Blackstone Group plans to convert to a corporation from a publicly traded partnership, a step that opens up the stock for inclusion in indexes, after watching two rivals benefit from the move. The shares jumped in early trading.
Changing the company's structure will increase the firm's "ability to reach a dramatically larger audience," CEO Stephen Schwarzman, said Thursday in a Bloomberg Television interview.
"We'd handicapped ourselves by our corporate form," he said. "We'll make this easier for retail investors."
Private equity firms including Blackstone, the world's largest alternative asset manager, have seen their stock prices lag since going public even as investors have poured money into their buyout, credit, real estate and other funds.
Blackstone has epitomized the industry's fundraising muscle. The New York-based company also reported Thursday that its assets under management crossed half a trillion, to $512 billion, for the first time.

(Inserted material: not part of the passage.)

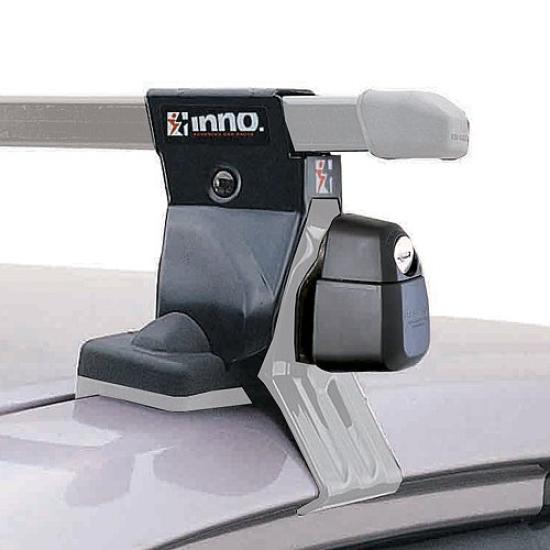 

Carmate inno Базовый багажник на крышу, Опора, Тип крепления на крышу, INSU-K5 чёрный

KKR and Ares Management announced conversion plans last year following the passage of a U.S. tax law, which cut the corporate rate to 21% from 35%. The switch makes it possible for these firms to be included in indexes, which could potentially boost stock valuations and win more mutual fund and ETF investors. It also eliminates the need for investors to file cumbersome K-1 tax forms.
KKR's stock initially outperformed its biggest rivals after its May 2018 announcement that it was converting to a C-corp. Shares of Blackstone popped toward the end of last year and have beat KKR since revealing its conversion plans through Wednesday.
Blackstone's stock price has risen about 21% this year. The shares jumped about 9% in pre-market trading Thursday.
Still, inclusion in indexes isn't guaranteed because there is some subjectivity in the decision, said Gerald O'Hara, an analyst at Jefferies.
"You can check all the boxes, but still not get included," he said.
Blackstone said it expects the conversion to be effective as of July 1.